Return every entry exactly as written.

# Short descriptive text snippets:

________

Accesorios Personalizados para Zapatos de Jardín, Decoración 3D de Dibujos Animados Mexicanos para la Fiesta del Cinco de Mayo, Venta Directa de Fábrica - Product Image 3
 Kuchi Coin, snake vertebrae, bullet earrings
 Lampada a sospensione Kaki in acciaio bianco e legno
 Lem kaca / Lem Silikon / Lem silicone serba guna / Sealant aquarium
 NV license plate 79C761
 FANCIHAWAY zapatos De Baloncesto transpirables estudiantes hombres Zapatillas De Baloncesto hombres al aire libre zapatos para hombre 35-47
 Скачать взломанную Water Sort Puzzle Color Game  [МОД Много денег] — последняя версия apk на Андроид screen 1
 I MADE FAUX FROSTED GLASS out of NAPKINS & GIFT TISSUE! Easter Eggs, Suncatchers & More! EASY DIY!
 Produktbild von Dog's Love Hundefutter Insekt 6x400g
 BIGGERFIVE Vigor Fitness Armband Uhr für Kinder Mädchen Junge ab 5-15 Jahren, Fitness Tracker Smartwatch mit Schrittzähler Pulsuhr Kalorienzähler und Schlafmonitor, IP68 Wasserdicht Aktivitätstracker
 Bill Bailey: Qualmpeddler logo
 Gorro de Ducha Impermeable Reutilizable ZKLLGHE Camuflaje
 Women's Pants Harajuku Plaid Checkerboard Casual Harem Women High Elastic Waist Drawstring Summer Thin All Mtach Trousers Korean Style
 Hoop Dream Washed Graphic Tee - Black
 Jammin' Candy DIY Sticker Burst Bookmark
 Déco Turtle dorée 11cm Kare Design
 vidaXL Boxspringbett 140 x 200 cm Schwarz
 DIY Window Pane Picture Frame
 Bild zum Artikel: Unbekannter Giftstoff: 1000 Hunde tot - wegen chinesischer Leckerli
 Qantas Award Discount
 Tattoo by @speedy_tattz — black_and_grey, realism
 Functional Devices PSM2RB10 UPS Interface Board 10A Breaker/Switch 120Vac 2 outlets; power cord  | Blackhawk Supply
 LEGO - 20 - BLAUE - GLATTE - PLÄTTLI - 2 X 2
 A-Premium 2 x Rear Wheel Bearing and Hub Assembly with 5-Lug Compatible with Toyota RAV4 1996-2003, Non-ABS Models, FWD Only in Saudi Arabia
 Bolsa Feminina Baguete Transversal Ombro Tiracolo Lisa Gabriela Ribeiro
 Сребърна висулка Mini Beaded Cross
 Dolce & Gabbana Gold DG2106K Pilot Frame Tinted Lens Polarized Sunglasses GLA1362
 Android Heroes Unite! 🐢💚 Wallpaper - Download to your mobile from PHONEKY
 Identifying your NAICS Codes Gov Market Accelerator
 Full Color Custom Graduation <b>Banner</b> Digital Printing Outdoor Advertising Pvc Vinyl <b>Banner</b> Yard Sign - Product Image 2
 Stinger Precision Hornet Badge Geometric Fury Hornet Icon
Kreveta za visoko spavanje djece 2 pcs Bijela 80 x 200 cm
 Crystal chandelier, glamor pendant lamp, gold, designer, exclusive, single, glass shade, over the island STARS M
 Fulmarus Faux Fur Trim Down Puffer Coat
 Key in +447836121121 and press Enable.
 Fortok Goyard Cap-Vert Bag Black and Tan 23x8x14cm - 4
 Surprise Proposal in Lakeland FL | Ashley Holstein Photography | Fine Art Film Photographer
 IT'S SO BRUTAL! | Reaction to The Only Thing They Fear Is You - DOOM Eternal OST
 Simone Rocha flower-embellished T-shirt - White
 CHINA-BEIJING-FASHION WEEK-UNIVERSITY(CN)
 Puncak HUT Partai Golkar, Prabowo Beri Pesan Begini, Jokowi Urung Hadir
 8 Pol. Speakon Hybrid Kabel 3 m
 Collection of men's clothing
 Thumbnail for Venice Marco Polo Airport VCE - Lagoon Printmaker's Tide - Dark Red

________

# Completed exercise:
Accesorios Personalizados para Zapatos de Jardín, Decoración 3D de Dibujos Animados Mexicanos para la Fiesta del Cinco de Mayo, Venta Directa de Fábrica - Product Image 3
 Kuchi Coin, snake vertebrae, bullet earrings
 Lampada a sospensione Kaki in acciaio bianco e legno
 Lem kaca / Lem Silikon / Lem silicone serba guna / Sealant aquarium
 NV license plate 79C761
 FANCIHAWAY zapatos De Baloncesto transpirables estudiantes hombres Zapatillas De Baloncesto hombres al aire libre zapatos para hombre 35-47
 Скачать взломанную Water Sort Puzzle Color Game  [МОД Много денег] — последняя версия apk на Андроид screen 1
 I MADE FAUX FROSTED GLASS out of NAPKINS & GIFT TISSUE! Easter Eggs, Suncatchers & More! EASY DIY!
 Produktbild von Dog's Love Hundefutter Insekt 6x400g
 BIGGERFIVE Vigor Fitness Armband Uhr für Kinder Mädchen Junge ab 5-15 Jahren, Fitness Tracker Smartwatch mit Schrittzähler Pulsuhr Kalorienzähler und Schlafmonitor, IP68 Wasserdicht Aktivitätstracker
 Bill Bailey: Qualmpeddler logo
 Gorro de Ducha Impermeable Reutilizable ZKLLGHE Camuflaje
 Women's Pants Harajuku Plaid Checkerboard Casual Harem Women High Elastic Waist Drawstring Summer Thin All Mtach Trousers Korean Style
 Hoop Dream Washed Graphic Tee - Black
 Jammin' Candy DIY Sticker Burst Bookmark
 Déco Turtle dorée 11cm Kare Design
 vidaXL Boxspringbett 140 x 200 cm Schwarz
 DIY Window Pane Picture Frame
 Bild zum Artikel: Unbekannter Giftstoff: 1000 Hunde tot - wegen chinesischer Leckerli
 Qantas Award Discount
 Tattoo by @speedy_tattz — black_and_grey, realism
 Functional Devices PSM2RB10 UPS Interface Board 10A Breaker/Switch 120Vac 2 outlets; power cord  | Blackhawk Supply
 LEGO - 20 - BLAUE - GLATTE - PLÄTTLI - 2 X 2
 A-Premium 2 x Rear Wheel Bearing and Hub Assembly with 5-Lug Compatible with Toyota RAV4 1996-2003, Non-ABS Models, FWD Only in Saudi Arabia
 Bolsa Feminina Baguete Transversal Ombro Tiracolo Lisa Gabriela Ribeiro
 Сребърна висулка Mini Beaded Cross
 Dolce & Gabbana Gold DG2106K Pilot Frame Tinted Lens Polarized Sunglasses GLA1362
 Android Heroes Unite! 🐢💚 Wallpaper - Download to your mobile from PHONEKY
 Identifying your NAICS Codes Gov Market Accelerator
 Full Color Custom Graduation <b>Banner</b> Digital Printing Outdoor Advertising Pvc Vinyl <b>Banner</b> Yard Sign - Product Image 2
 Stinger Precision Hornet Badge Geometric Fury Hornet Icon
Kreveta za visoko spavanje djece 2 pcs Bijela 80 x 200 cm
 Crystal chandelier, glamor pendant lamp, gold, designer, exclusive, single, glass shade, over the island STARS M
 Fulmarus Faux Fur Trim Down Puffer Coat
 Key in +447836121121 and press Enable.
 Fortok Goyard Cap-Vert Bag Black and Tan 23x8x14cm - 4
 Surprise Proposal in Lakeland FL | Ashley Holstein Photography | Fine Art Film Photographer
 IT'S SO BRUTAL! | Reaction to The Only Thing They Fear Is You - DOOM Eternal OST
 Simone Rocha flower-embellished T-shirt - White
 CHINA-BEIJING-FASHION WEEK-UNIVERSITY(CN)
 Puncak HUT Partai Golkar, Prabowo Beri Pesan Begini, Jokowi Urung Hadir
 8 Pol. Speakon Hybrid Kabel 3 m
 Collection of men's clothing
 Thumbnail for Venice Marco Polo Airport VCE - Lagoon Printmaker's Tide - Dark Red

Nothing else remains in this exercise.